From the line with "Weißkernauge (Satyrus ferula), Weibchen" to the end of the data below, restate each line word for word, both ends included, without the pictures.

+---+

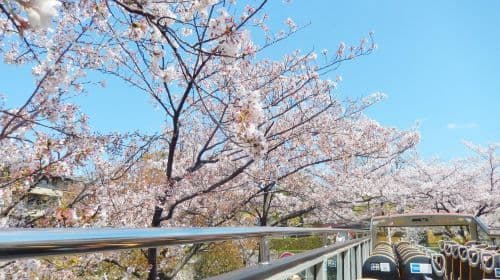 Kyoto Sky Hop Bus hop-on hop-off bus ticket (1-day / 2-day) Transport Passes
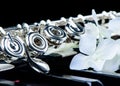 Jazz music instrument flute close up with flower Royalty Free Stock Photo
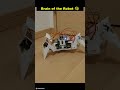 What is Raspberry Pi in Robotics? 🤖💻 | Mini Computer Explained Simply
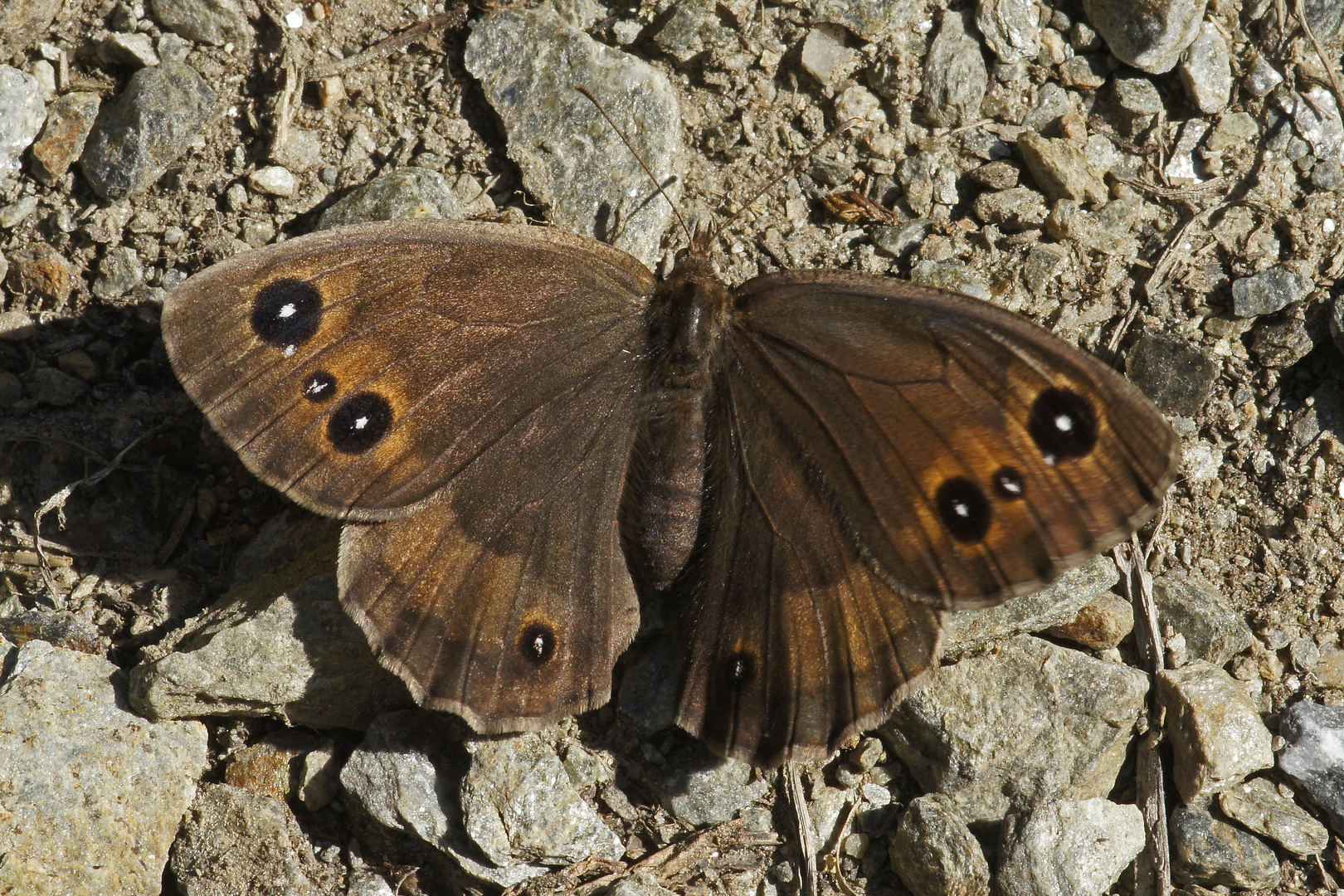 Weißkernauge (Satyrus ferula), Weibchen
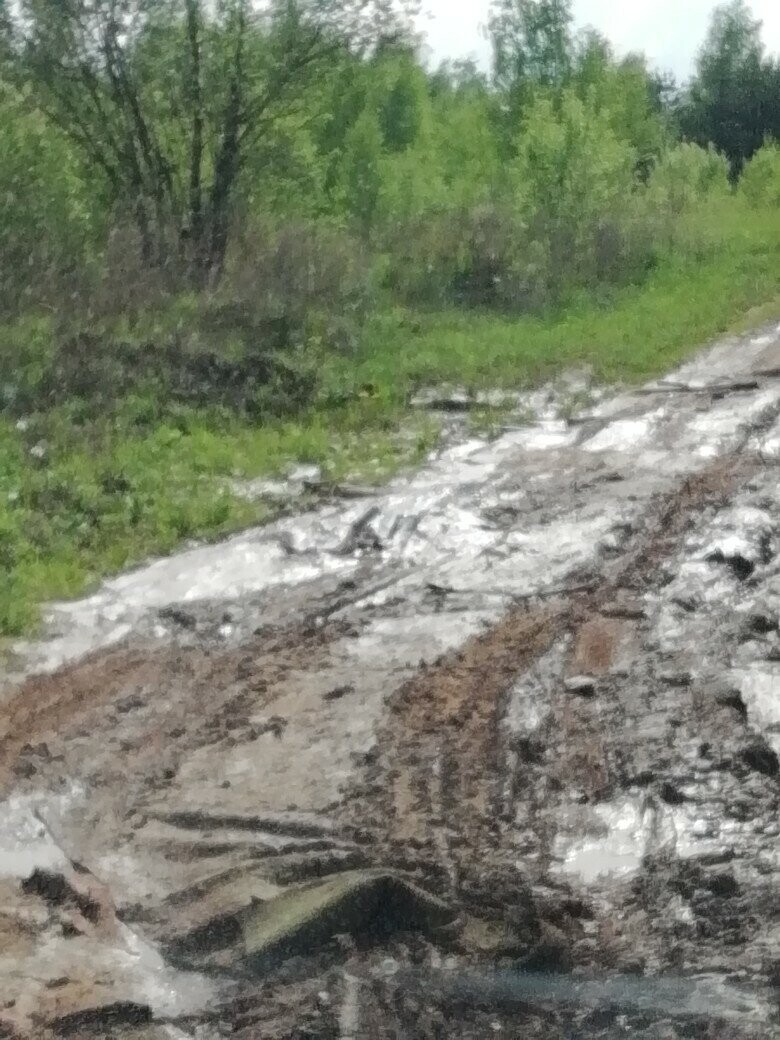 Инновационный метод: в Калужской области дорогу "починили" с помощью ковров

+---+

Solved problem:
 Weißkernauge (Satyrus ferula), Weibchen
 Инновационный метод: в Калужской области дорогу "починили" с помощью ковров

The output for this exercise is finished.